Harmit S. Malik
Appointments and Affiliations
Our genomes are a tenuous conglomerate of different genetic entities, each trying to maximize their own evolutionary success, often at great cost to their genomic neighbors. As expected, this conflict can create problems for the host organism. My lab is interested in evolutionary studies of genetic conflict to gain insight into their mechanisms and consequences.We focus on conflicts that are both extrinsic (between different genetic entities) and intrinsic (between components of the same genome).
As an example of intrinsic conflicts, we study the rapid evolution of centromeres and centromeric proteins. Centromeres are crucial for the faithful segregation of genetic information in eukaryotes, but they remain the most mysterious part of our genomes. In both animal and plant meiosis, in the process of forming an egg, of four meiotic products, only one becomes the egg, while the other three are evolutionary dead-ends.

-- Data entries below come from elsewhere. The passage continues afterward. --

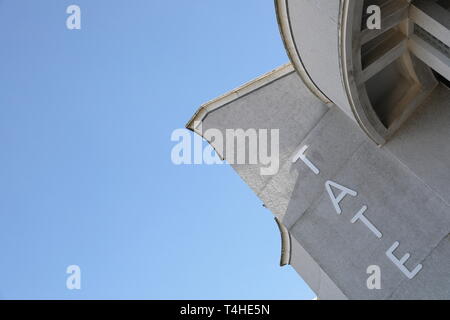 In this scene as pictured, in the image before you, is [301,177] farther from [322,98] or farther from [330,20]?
[330,20]

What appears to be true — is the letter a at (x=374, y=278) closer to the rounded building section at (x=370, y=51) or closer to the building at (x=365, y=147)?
the building at (x=365, y=147)

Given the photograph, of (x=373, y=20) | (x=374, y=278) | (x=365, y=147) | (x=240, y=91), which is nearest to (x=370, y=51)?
(x=373, y=20)

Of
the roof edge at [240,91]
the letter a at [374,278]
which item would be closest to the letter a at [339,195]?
the letter a at [374,278]

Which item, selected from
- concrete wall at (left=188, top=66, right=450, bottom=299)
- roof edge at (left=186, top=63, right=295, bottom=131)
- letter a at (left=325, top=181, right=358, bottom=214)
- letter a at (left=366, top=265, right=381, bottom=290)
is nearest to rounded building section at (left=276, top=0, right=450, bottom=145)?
concrete wall at (left=188, top=66, right=450, bottom=299)

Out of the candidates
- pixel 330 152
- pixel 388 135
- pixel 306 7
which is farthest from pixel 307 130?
pixel 306 7

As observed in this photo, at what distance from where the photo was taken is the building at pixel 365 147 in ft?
31.0

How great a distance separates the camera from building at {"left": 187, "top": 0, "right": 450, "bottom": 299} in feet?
31.0

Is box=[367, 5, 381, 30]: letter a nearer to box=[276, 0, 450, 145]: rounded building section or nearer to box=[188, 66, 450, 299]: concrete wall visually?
box=[276, 0, 450, 145]: rounded building section

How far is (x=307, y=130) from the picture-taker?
39.8 feet

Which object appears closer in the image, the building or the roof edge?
the building

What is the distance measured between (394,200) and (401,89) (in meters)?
2.69

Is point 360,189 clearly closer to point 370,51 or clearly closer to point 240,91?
point 370,51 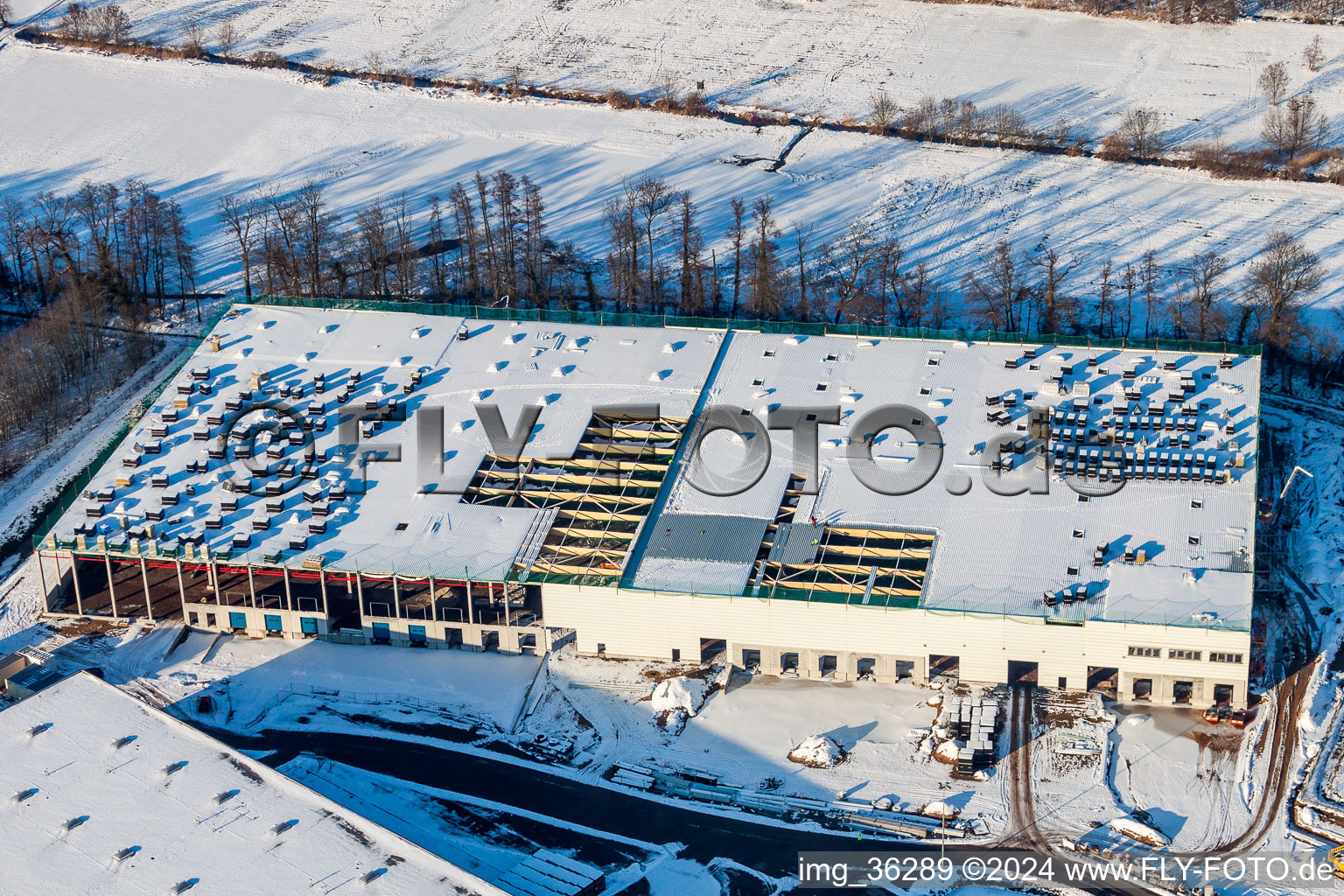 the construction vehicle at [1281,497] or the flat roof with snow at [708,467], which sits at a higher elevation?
the flat roof with snow at [708,467]

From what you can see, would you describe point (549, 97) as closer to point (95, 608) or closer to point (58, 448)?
point (58, 448)

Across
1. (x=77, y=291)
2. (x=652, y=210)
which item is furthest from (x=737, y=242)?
(x=77, y=291)

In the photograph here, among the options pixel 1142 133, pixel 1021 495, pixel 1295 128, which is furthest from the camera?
pixel 1142 133

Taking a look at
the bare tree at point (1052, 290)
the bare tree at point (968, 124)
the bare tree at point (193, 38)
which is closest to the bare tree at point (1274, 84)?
the bare tree at point (968, 124)

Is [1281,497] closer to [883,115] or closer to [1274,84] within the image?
[883,115]

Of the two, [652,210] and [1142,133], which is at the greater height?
[1142,133]

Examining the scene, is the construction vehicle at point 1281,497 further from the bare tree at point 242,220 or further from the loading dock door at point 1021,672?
the bare tree at point 242,220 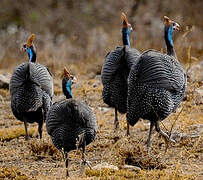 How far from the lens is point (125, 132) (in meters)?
8.09

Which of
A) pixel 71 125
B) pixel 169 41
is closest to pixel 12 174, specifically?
pixel 71 125

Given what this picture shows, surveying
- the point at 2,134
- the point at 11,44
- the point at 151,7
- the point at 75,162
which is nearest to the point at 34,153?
the point at 75,162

There is intense competition between various chromosomes, likely through their centromeres for success into the egg. Our hypothesis is that this results in the rapid gain of centromeric satellites often with deleterious consequences to the host. For instance, in humans, Robertsonian fusions (chromosomes fused at their centromeres) are transmitted more frequently in women, but male carriers of these fusions are partially to completely sterile. We study the rapid evolution of centromeric components to gain a better understanding of aneuploidy events (commonly observed in cancer cells) and to answer one of the long-standing questions in biology: how do two species evolve from one?
Examples of extrinsic conflicts include innate immunity genes in primates that are directly implicated in host-pathogen interactions. In collaboration with the Emerman and Geballe labs, we are characterizing the driving forces and functional consequences of primate antiviral genes that act against retroviruses and large double-stranded DNA viruses.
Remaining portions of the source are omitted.